Referring to the garment, instead of the possible body parts in them, created a safer space for both my team and our models to explore and develop our designs without constantly mentioning a body that does not always feel like a home to them.

The concept of the layering adds so many options to create personal support. When making the patterns we started from a single module, making sure all hemlines layered perfectly with each other, [enabling the ability to create] full looks. We also offer a choice between sheer and opaque fabrics on most designs, allowing a person to either show or hide certain body parts, as they see fit. All garments either flatten, enhance, or exaggerate body parts, [and as] some of them are reversible, it is possible to either fully block out the chest with a top, or show bare breasts. I’m always in for a challenge when it comes to pattern making.

How do you see the lingerie industry changing? Or is it?

There is always change even if there is none. The context changes, even when the object remains the same. Being in this industry since 2003, it is quite shocking to me how little change it allows. Even in fast fashion the lingerie department remains the same as it was 200 years ago; the quality just gets worse. I don’t understand how we have evolved so much, and how our lives expand in every possible direction, and yet our underwear is the exact same object as it was 200 years ago. That makes no sense.

Ok, some brands now use recycled yarn to make their ancient lingerie designs, but that is some poor progress if you compare it with fashion’s timeline. If you were to draw an outline of the fashionable silhouettes of those past hundreds of years, you’d see a lively animation of waistlines and hemlines and accessories and heel heights, [but] in underwear everything is always the exact same thing as it was before and it drives me mad!

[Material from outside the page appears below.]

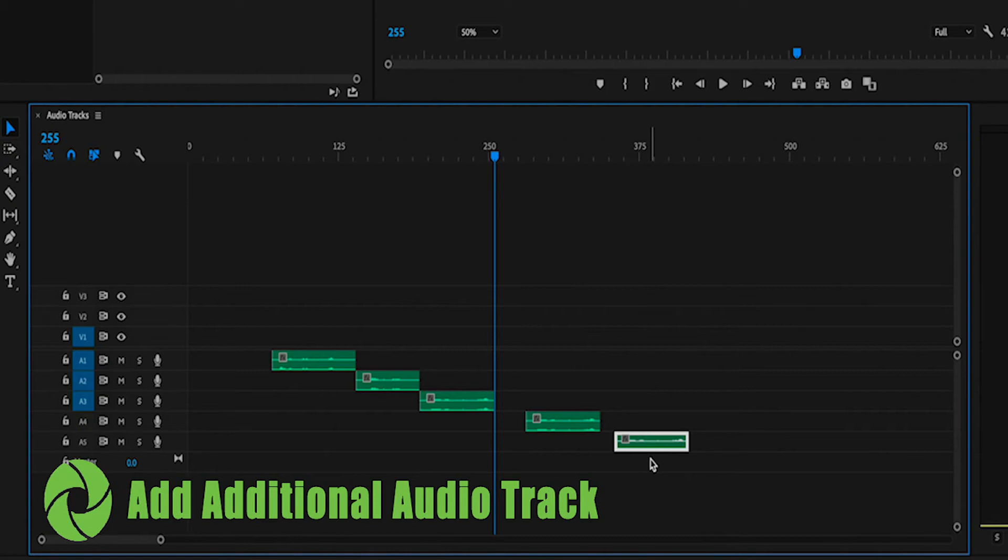Hey everybody, Gary Fernand here for Photoreceptor Cell and in today's guide what I want to share with you is how to add an additional audio channel in Premiere.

This era has new needs and new clothes, and our lingerie is ever so out of fashion. On top of all that rigidness, I see little to no initiative when it comes to sustainability. Bio Cotton is as fancy as it gets most of the time; or to use a size 40 model and call her size inclusive. We need to urgently step up our lingerie game. It’s 2021 and only now are big brands looking into changing their casting philosophy or considering a more moderate use of Photoshop. That’s not good enough.

How would you like to see the industry change?

Lingerie is the foundation of our look. We need choices. Our bodies are malleable and our lingerie should be too. I want lingerie out of the unmentionables department; I want it liberated from gender. Our clothes should be liberated from department [store] floors where one has to choose between men’s or women’s wear, or lingerie or swimwear. Get yourself briefs that can do, and be, both.

I want intimate apparel to be modeled by people that look like me and all the other people I love. I want to see them as they are, because they are beautiful this way. To hell with Photoshop altering the beauty of humans. And I need all these beautiful garments made by people that are paid like me, and are able to live like me. As in nature, if we can change the fashion industry from the bottom up, we are going to go a very long way.